Llegó a Calzada de los Misterios y cruzó la acera, decidió tomar la ruta directa y encaminarse por Leoncavallo, seguramente a esas horas, los prostitutos del rumbo ya habrían ahuyentado a los pocos transeúntes de la zona que pudiesen evitarla.

A lo lejos distinguió a un pobre individuo que había caído presa de estas arpías modernas, Seguramente quien imaginó a estas criaturas mitad mujer mitad ave se inspiró en los travestís de su época. Más al ver de frente esta situación, se dio cuenta de que la presa no era uno de los “clientes” de estas personas, sino un poco precavido cristiano que estaba siendo asaltado a todas luces, y que había cometido el error de de oponer resistencia pese a la superioridad numérica de sus agresores.

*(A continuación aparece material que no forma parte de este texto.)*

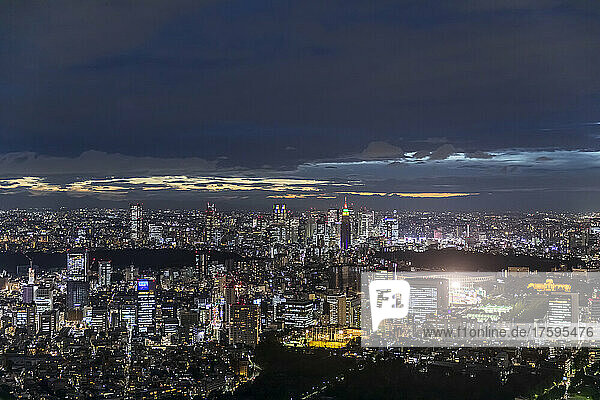 Japan  Kanto Region  Tokyo  Cloudy sky over illuminated city downtown at night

Gaia decidió que no era justo, y quizá impulsada por esa tensión de la que era presa, dijo en voz alta “¡Déjenlo!”, mientras soltaba su maleta y con una pierna la apartaba a un lado, mientras se colocaba en guardia.

“¡Vete de aquí chiquilla!”, “¡Qué te importa lo que le pase!, ¿es de tu familia?” fue la respuesta que recibió por parte del que parecía ser el líder, mientras su compinches volteaban a verla y aflojaban la presión sobre su cautivo, quien parecía un tanto aliviado de escuchar este dialogo. Gaia sintió una furia que no sentía desde años atrás, cuando recibió la noticia de que sus padres y hermanos habían perecido en un accidente en la carretera, Gaia sintió como le hervía la sangre al tiempo que respondía “Sí, sí lo es”.

“OK, entonces, ¿Qué nos das por que los dejemos ir a él y a ti?”.

“Dinero no tengo, pero te puedo entregar mi anillo, es de oro”, decía mientras se quitaba la joya que adornaba su mano izquierda y que parecía ser de bastante valor, colocándola sobre su palma derecha, “Ven, ¿lo quieres?, Ven y tómalo”.

El tipo de apariencia bizarra y de físico un tanto bofo sonrió, se aproximo a Gaia, quien cerró el puño y pareció tendérselo a quien tenía la ventaja, en apariencia, más cuando este estuvo a distancia prudente, la chica giró, bajando su centro de gravedad, levantando la pierna izquierda para asestar una patada justo en la sien del tipo que cayó al suelo sorprendido, recibiendo un segundo impacto en la nuca, viéndose obligado a comer concreto, mientras sentía pasos sobre su espalda.

El recién llegado no lo podía creer, la chica se dirigía a él y se abría paso entre los dos individuos que segundos antes amenazaban con abrirle el cráneo con sus filosos tacones, dándoles un par de puñetazos al rostro y mandándolos al suelo, al tiempo que con un puntapié le desprendía al que lo sujetaba de los pies, haciendo crujir sus costillas. Los dos que lo sujetaban de los brazos simplemente lo soltaron y echaron a correr, hasta perderse en la noche.

“¿Eres un Ángel?”, fue lo que atinó a preguntar, mientras su salvadora le entregaba sus maletas y se dirigía a recoger la suya.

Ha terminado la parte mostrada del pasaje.